32. If it be said (that Brahman is not meant) on account of characteristic marks of the individual soul and the chief vital air; we say no, on account of the threefoldness of meditation; on account of (such threefold meditation) being met (in other texts also); and on account of (such threefold meditation) being appropriate here (also).

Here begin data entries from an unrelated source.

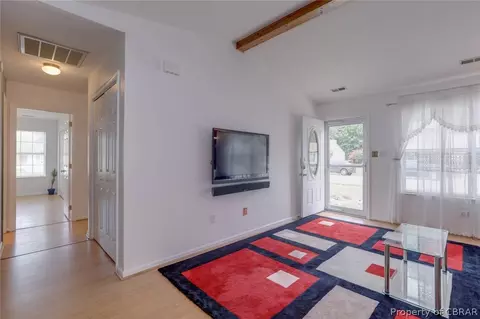 40 Peterborough Dr, Hampton, VA 23666 photo 7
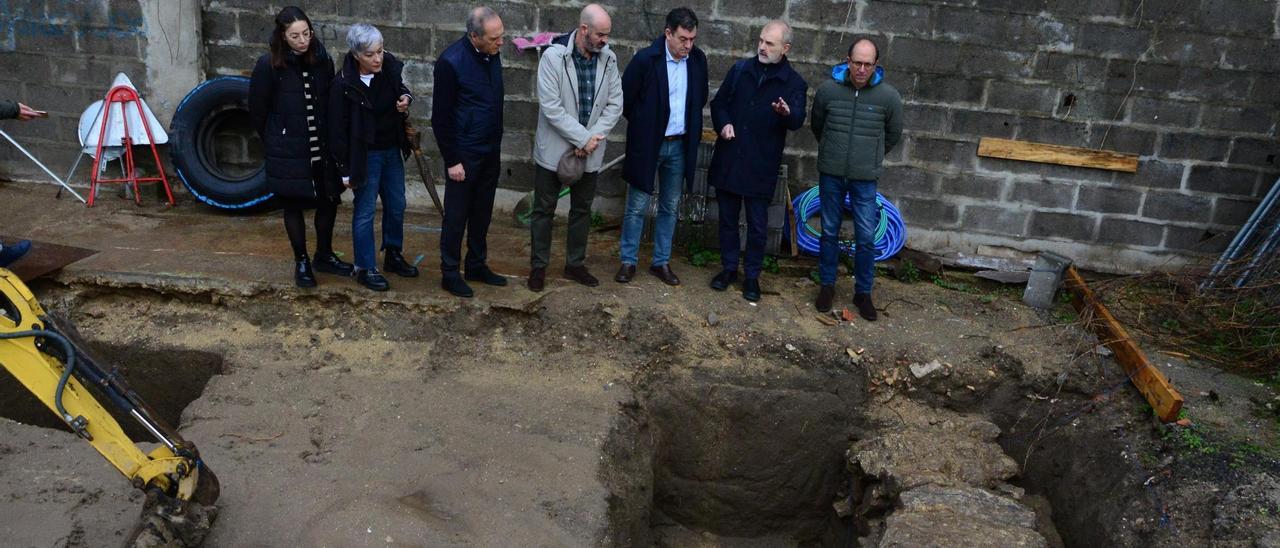 La visita en la zona en la que se realizaron las catas arqueológicas, al lado del Concello de Bueu.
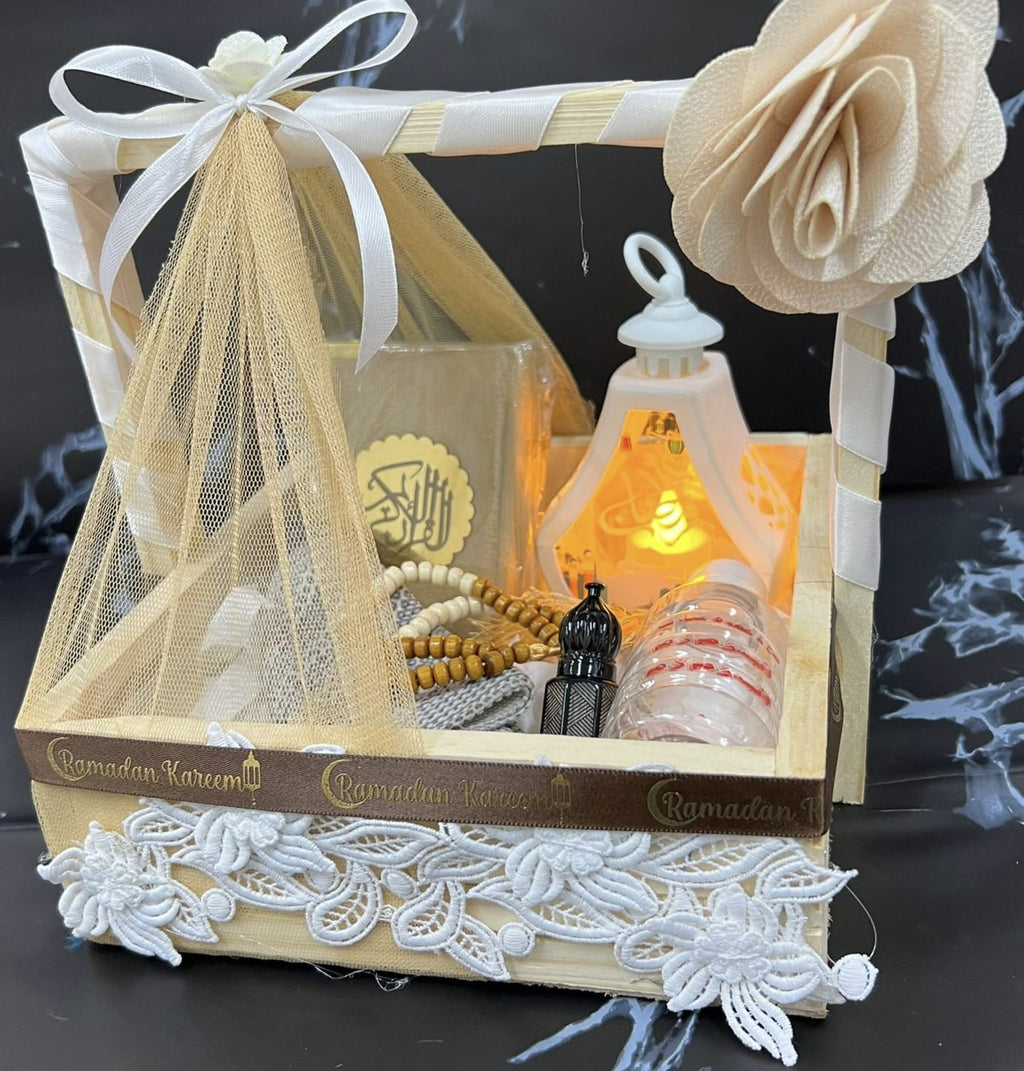 Ramadan Kareem Gift Basket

An objection is raised. 'Let none try to find out what speech is, let him know the speaker'; 'I slew the three-headed son of Tvashtri; I delivered the Arunmukhas, the devotees, to the wolves'; these passages state characteristic marks of an individual soul (viz. the god Indra).--'As long as Prâna dwells in this body, so long there is life'; 'Prâna alone is the conscious Self, and having laid hold of this body, it makes it rise up.'--These passages again mention
characteristic attributes of the chief vital air. Hence there is here no 'multitude of attributes belonging to the Self.'--The latter part of the Sûtra refutes this objection. The highest Self is called by these different terms in order to teach threefoldness of devout meditation; viz. meditation on Brahman in itself as the cause of the entire world; on Brahman as having for its body the totality of enjoying (individual) souls; and on Brahman as having for its body the objects and means of enjoyment.--This threefold meditation on Brahman, moreover, is met with also in other chapters of the sacred text. Passages such as 'The True, knowledge, infinite is Brahman,' 'Bliss is Brahman,' dwell on Brahman in itself. Passages again such as 'Having created that he entered into it. Having entered it he became sat and tyat, defined and undefined,' &c. (Taitt. Up. II, 6), represent Brahman as having for its body the individual souls and inanimate nature. Hence, in the chapter under discussion also, this threefold view of Brahman is quite appropriate. Where to particular individual beings such as Hiranyagarbha, and so on, or to particular inanimate things such as prakriti, and so on, there are attributed qualities especially belonging--to the highest Self; or where with words denoting such persons and things there are co-ordinated terms denoting the highest Self, the intention of the texts is to convey the idea of the highest Self being the inner Self of all such persons and things.--The settled conclusion, therefore, is that the being designated as Indra and Prâna is other than an individual soul, viz. the highest Self.